Hey, Michael Blum. Good morning. What I would say is combination of activity, as Willie Chiang alluded to, of 340 rigs still working, that's in line with our plan and activity. Number of completion crews, number of connections in the first half of this year and the second half. Current volumes on the system, that growth implies roughly to 40,000 to 50,000 bpd per month of growth necessary to achieve the 500,000 bpd growth range. Discussions with producers.

Jeremy Tonet
Managing Director and Senior Equity Research Analyst, JP Morgan

We're in this band of inelasticity somewhere between, I don't know if it's $65 to $85, but it doesn't seem like producers move rigs one way or the other on the crude side. Gas has kind of gotten out of that, and you've seen some gas rigs move off. By and large, we don't see any material change to our forecast.

Wilfred Chiang
Chairman and CEO, Plains All American Pipeline

Michael, this is Willie. You've probably seen, the Permian, numbers. We ended at 5.65 at the beginning of the year. We think we're right around 5.9 now, and our exit is kind of 6.15. We're kind of on track with what we had outlined in February.

Michael Blum
Managing Director and Senior Equity Analyst, Wells Fargo

Okay, great. Thanks for that. Realize you're not giving 2024 guidance yet, but just wanted to ask in general directionally how we should think about 2024 CapEx. Is there anything on the horizon that would point to that really being materially higher than 2023? Do you think that could trend higher or lower? Thanks.

Wilfred Chiang
Chairman and CEO, Plains All American Pipeline

You know, Michael, we've kind of stated our expectations of between $300 to 400 million of expansion CapEx. We'll likely get the question as we think about our NGL assets up in Canada and what we are trying to do there, even if we move forward with that, I think we'll still be in that range on an annual average basis over maybe a couple number of years. Most importantly, I don't think that we would be taking on any expansion CapEx that would jeopardize our free cash flow story and our desire to return capital back to unit holders.

Michael Blum
Managing Director and Senior Equity Analyst, Wells Fargo

Thanks, Willie.

Wilfred Chiang
Chairman and CEO, Plains All American Pipeline

You bet. Thank you.

Operator

One moment for our next question. Our next question comes from Spiro Dounis with Citi. Your line is open.

Spiro Dounis
Director and Senior Equity Analyst, Citi

Thanks, operator. Morning, everybody. First question, just hoping you guys could update us on Corpus-bound pipeline utilization. Seems like that's been getting kind of close to full. I was just wondering if the economics there at some point maybe start supporting the use of DRA again, or maybe you start to see these flows kind of turn back to Houston from here?

Wilfred Chiang
Chairman and CEO, Plains All American Pipeline

Well, I'll start with this, Spero. The volumes on the long-haul lines down to Corpus are running very full. We constantly optimize power and DRA to have the most economic way of delivering it. Jeremy, you want to comment a little bit on outlook?

Jeremy Goebel
EVP and CCO, Plains All American Pipeline

Sure. As we discussed, volumes are growing every month and longer-haul lines are getting more full. The Wink to Webster ramped up in February, as everyone's aware. A lot of that volume came off of inbound Houston pipes. Might have had some marginal impact to the Corpus pipes, but notably had an impact on spreads between Midland and the Gulf Coast.

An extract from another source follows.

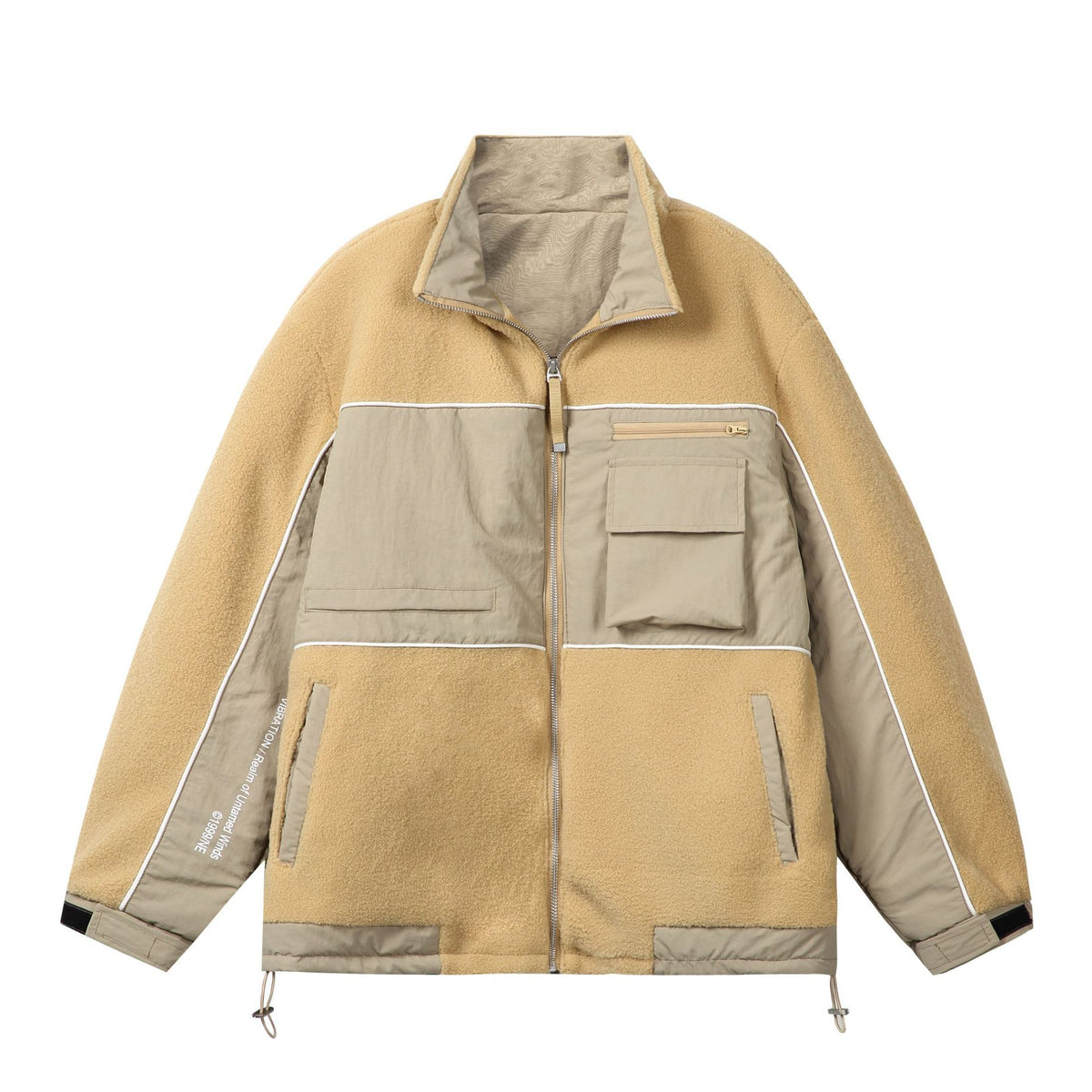 Unisex Oversize Fleece Field Jacket with Nylon Panels, High Stand-Up Collar and Drawstring EVA-US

We expect volume growth to get us out of that and get it to more reasonable ranges and longer-term ranges where we've been contracting. What I would say is that we continue to expect that to continue to happen. Corpus is the most logistically sound place i t's the shortest distance. It's nothing but Permian crude leaving the docks. It's an area that just will draw the incremental demand. Our Basin Pipeline, as summer driving season pulls up, will pull additional demand.

We're seeing more and more activity on the long-haul pipes as production has grown, as Willie mentioned. You get to 6.15 MMbpd towards the end of the year, they will be full, but you'll have balancing across the pipelines because all of the markets are needed. Corpus will remain full since the marginal demand is an export barrel.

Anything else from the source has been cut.